Broadway wasn’t cool then, so my inquiry hit a wall (also known as a manager who couldn’t see that one day Elton John, Billy Joel, Paul Simon, Sara Bareilles, Sting, and more would have shows on Broadway).

Tracy had another hit song, that I’ve been thinking a lot about lately, as I’m crotch deep in the development of six new musicals.  The song?  “Talkin’ About A Revolution.”

Why?

The biggest hit that Broadway has ever seen and may ever see is about a revolution:  The American Revolution (If you don’t know the show I’m talking about, then you should get out more . . . or just read this blog more.)

One of the other biggest hits that Broadway and the world has ever seen is also about a revolution:  The French Revolution.

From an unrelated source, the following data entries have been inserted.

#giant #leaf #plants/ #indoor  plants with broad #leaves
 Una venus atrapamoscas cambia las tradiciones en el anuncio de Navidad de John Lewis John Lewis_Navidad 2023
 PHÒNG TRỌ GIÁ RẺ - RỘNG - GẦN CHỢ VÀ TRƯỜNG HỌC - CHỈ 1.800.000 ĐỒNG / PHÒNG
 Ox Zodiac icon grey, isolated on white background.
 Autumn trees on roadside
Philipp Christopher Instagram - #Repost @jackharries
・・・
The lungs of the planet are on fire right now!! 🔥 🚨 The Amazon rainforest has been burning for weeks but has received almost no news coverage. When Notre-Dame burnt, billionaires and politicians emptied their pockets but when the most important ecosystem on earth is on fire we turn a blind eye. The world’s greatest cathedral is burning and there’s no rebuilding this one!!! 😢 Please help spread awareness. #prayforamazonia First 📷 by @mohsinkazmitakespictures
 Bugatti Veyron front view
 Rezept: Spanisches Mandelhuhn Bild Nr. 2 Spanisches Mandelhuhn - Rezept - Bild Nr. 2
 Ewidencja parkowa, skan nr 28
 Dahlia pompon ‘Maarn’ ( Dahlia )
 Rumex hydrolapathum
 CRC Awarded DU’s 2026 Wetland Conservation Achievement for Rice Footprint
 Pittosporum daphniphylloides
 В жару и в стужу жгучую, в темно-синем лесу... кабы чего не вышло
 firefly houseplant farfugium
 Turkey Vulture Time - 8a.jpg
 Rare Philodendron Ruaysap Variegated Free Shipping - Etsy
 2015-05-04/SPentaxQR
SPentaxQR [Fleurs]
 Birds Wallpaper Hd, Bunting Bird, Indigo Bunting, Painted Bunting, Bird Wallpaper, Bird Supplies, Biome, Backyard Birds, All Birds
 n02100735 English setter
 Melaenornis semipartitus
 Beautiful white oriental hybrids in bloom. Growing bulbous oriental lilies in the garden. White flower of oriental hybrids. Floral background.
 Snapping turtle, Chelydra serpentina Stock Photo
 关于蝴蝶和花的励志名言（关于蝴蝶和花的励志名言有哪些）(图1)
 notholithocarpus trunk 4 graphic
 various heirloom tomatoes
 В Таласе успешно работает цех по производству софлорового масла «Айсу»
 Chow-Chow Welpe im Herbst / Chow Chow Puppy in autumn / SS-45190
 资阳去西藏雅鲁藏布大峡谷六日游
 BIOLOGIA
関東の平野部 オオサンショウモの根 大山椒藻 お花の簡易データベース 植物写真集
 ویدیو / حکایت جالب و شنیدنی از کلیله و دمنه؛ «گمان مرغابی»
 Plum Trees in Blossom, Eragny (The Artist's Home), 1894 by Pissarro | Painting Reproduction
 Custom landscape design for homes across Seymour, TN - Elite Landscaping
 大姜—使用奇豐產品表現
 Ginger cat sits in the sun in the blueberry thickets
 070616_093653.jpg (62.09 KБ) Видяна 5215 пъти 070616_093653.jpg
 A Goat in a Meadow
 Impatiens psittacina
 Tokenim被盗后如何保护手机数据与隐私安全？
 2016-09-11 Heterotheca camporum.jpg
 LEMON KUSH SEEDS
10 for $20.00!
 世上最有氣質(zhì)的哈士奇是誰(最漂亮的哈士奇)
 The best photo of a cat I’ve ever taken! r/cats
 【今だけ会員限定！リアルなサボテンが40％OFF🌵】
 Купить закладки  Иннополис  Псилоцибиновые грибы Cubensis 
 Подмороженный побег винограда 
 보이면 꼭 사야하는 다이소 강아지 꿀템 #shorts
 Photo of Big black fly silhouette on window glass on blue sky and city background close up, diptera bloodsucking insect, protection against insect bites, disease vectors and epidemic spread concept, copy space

And there’s another musical that’s coming back to Broadway in 2021 (in a very buzzy all-female version directed by Diane Paulus) that’s also set in Revolutionary times.

What makes revolutions such good settings for shows?

Revolutions are started by groups of the super passionate people who are willing to put their lives on the line (literally) to achieve their goal of rewriting history.

Can the stakes be any higher?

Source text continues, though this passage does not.